After reading this book, I remember as if it were yesterday the live story relayed every single day on our radio and in our daily newspaper, the story of the "Flying Enterprise", and her Master After God, Captain Kurt Carlsen, who tried so heroically to evade the savage hunger of the sea. Alongside him eventually stood Mr. Kenneth Dancy, Mate of the deep-sea salvage tug "Turmoil".

Listen to those names again: "Flying Enterprise", Carlsen, Dancy, "Turmoil"! They are names to write a book about!

No wonder we listened in each day, the whole family from grandparents down to youngest children, and found the real news much more exciting than "Dick Barton, Special Agent," or even "Journey Into Space"!

This book recreates it all in a most splendid fashion.

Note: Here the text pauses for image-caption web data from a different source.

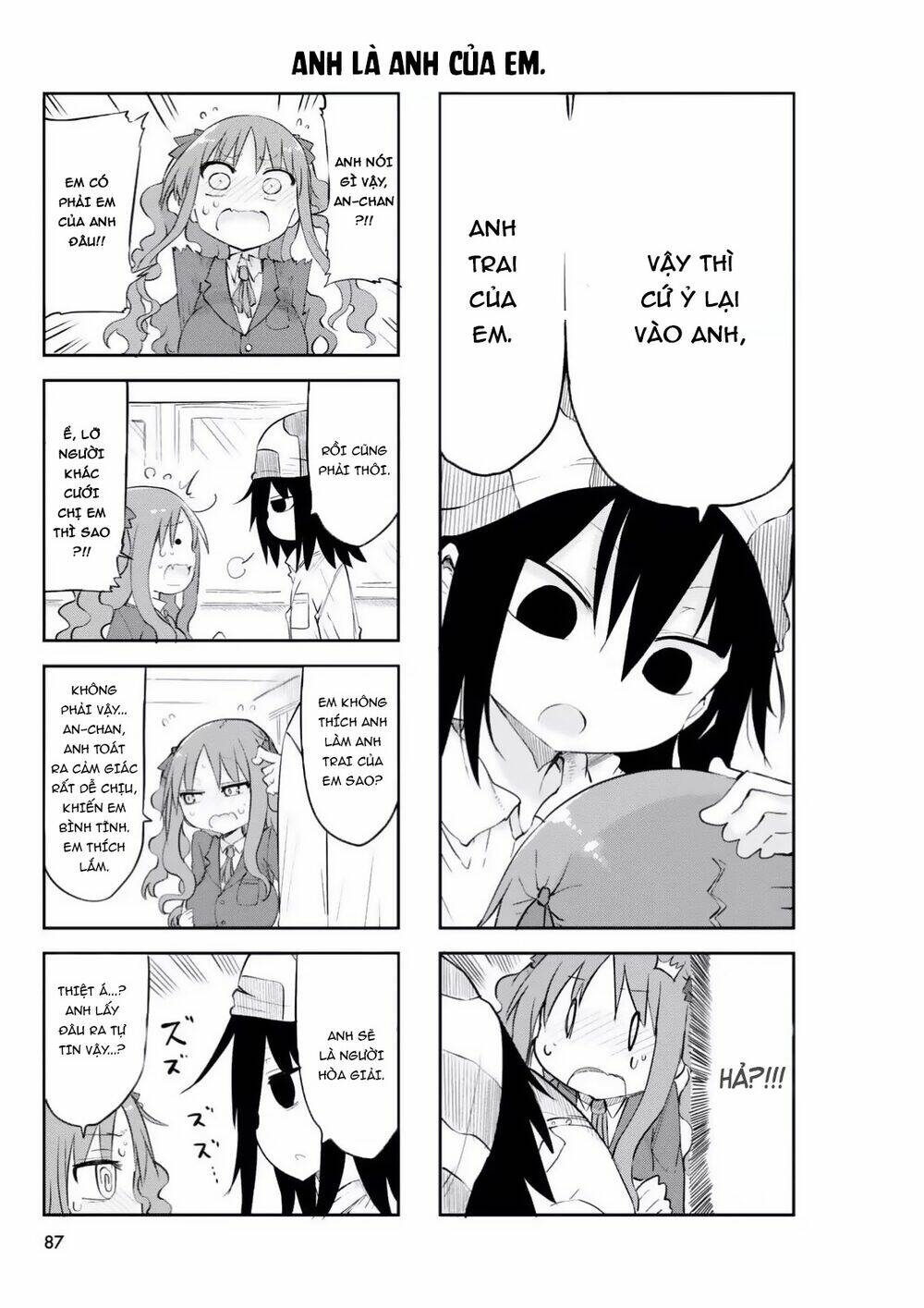 Ojojojo Chap 42 - Next Chap 43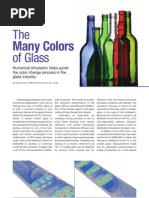 AA V1 I1 the Many Colors of Glass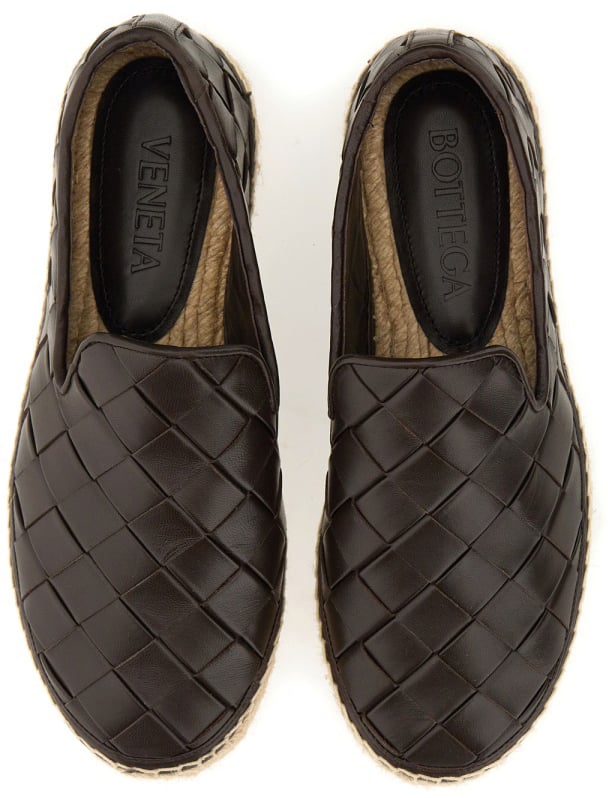 "Sawyer" Leather Sneaker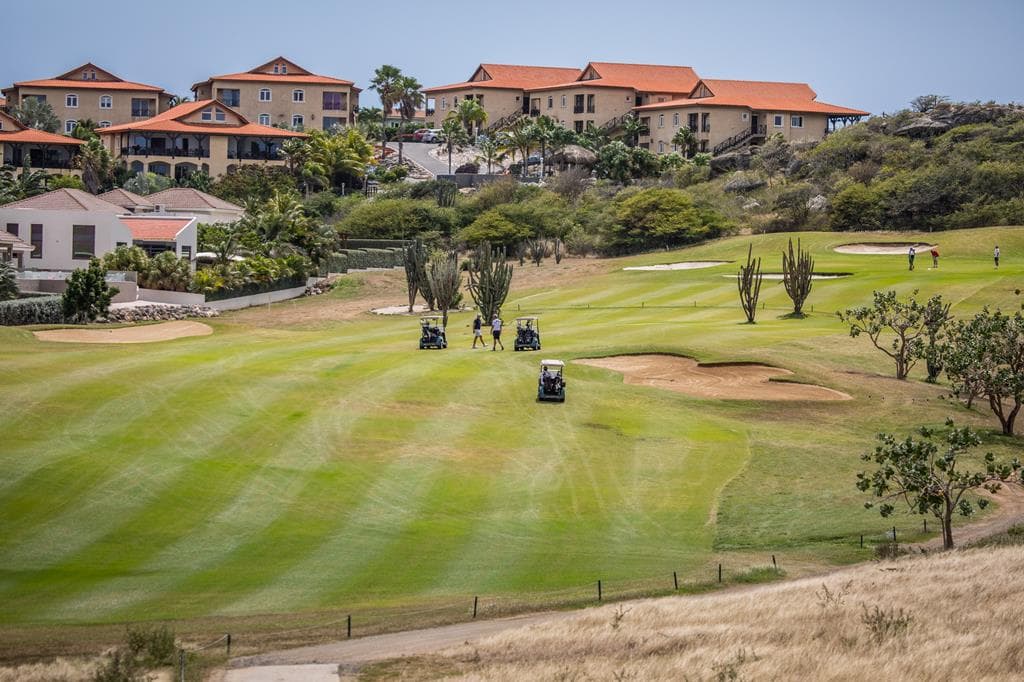 Blue Bay Curacao Golf & Beach Resort 4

I truly did relive those memories I thought were long gone, long lost, and yet, once revived I remembered this was one of the real live tales of my childhood which made me seek out a life at sea.

The author seems to tell it as it was at the time and not a lot of time is wasted at the end on the "conspiracies" which seem to abound over every single story these days, and I'm glad for that. We don't need conspiracies to create "excitement" or "thrills", not when there are photos of Captain Carlsen and Mate Dancy hanging on to the dying "Flying Enterprise" for grim life.

From what I have now read after discovering this book, this does seem the definitive account of the "Flying Enterprise"'s last voyage. A great read.